米経済の約12%を占める製造業は、国内外の底堅い経済が追い風となっている。ただ、米国と主要な貿易相手国である中国やカナダ、メキシコ、欧州連合(EU)などの間に生じている貿易摩擦の緊迫化によって企業支出は抑制される可能性がある。

国際通貨基金(IMF)は16日、報復関税の応酬は世界経済の回復を妨げる危険があると警告した。米経済は自国の輸出が減ることで特に左右されやすいだろうと付け加えた。

製造業生産は第2・四半期に年率で1.9%伸びた。第1・四半期は1.7%上昇だった。6月は木材やコンピューター・電子機器、航空宇宙・その他の輸送機器が上昇した。

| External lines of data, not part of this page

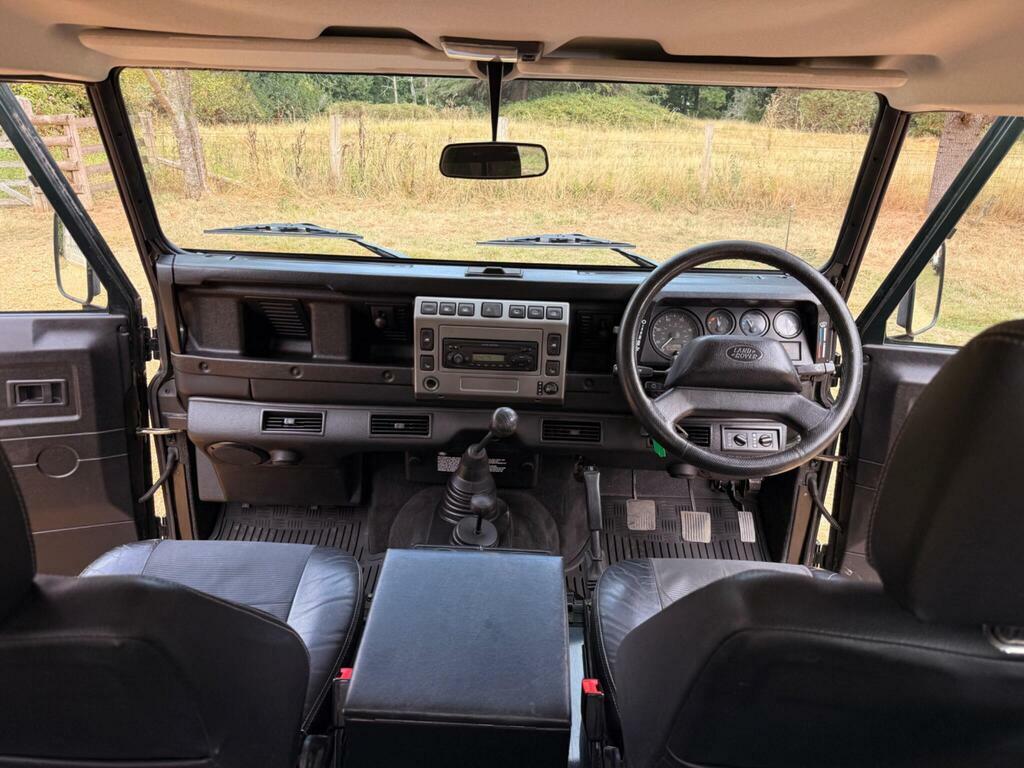 Land Rover Defender 90 Green #16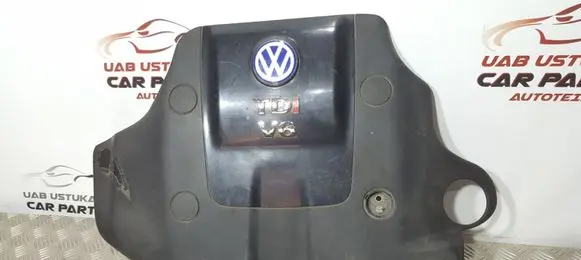 Volkswagen PASSAT B5.5 Engine cover (trim)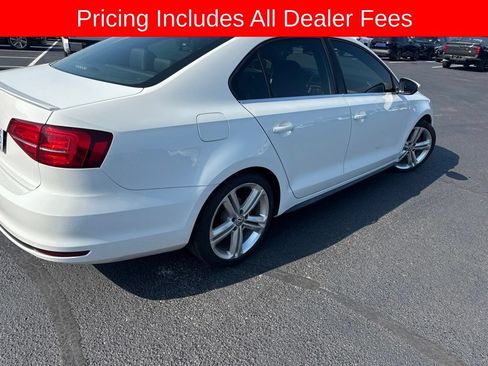 Used 2015 Volkswagen Jetta GLI SE FWD image 4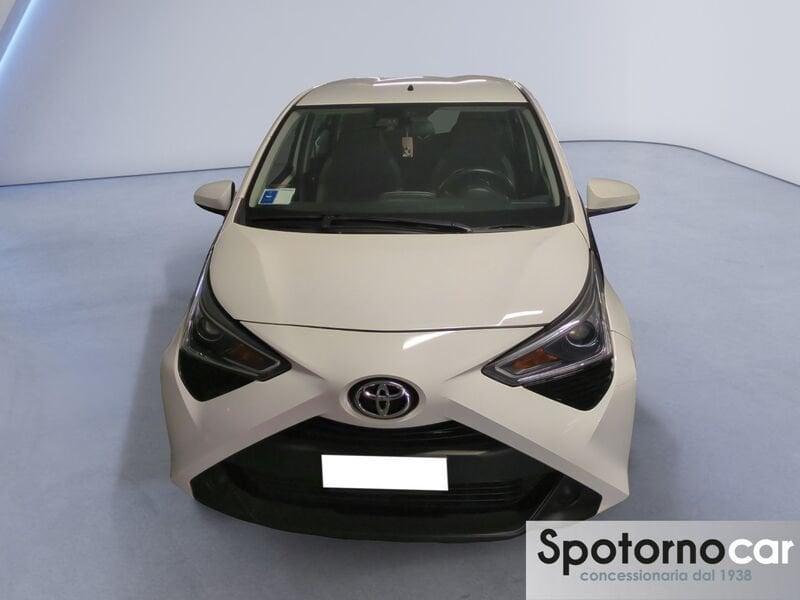 Toyota Aygo 1.0 VVT-i x-play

鉱業生産は6月に1.2%上昇。5月は2.2%上昇していた。2014年12月に付けた過去最高水準を上回った。鉱業のうち石油・ガス掘削は2.9%上昇。最近の原油高を踏まえると、今後さらに伸びる可能性が高い。鉱業生産は第2・四半期に年率で19.4%上昇。第1・四半期は11.0%上昇だった。

電力・ガスの生産は1.5%低下。5月は0.7%低下していた。

鉱工業生産が底堅く伸びる中、企業がどれだけ十分に設備を稼動しているかを示す設備稼働率は78.0と、5月の77.7から上昇した。1972年から2017年の平均値を1.8%ポイント下回る水準だ。

FRBは、物価上昇圧力が高まるまでに経済がどれだけ伸びる余地があるかを推計する上で設備稼働率に注目している。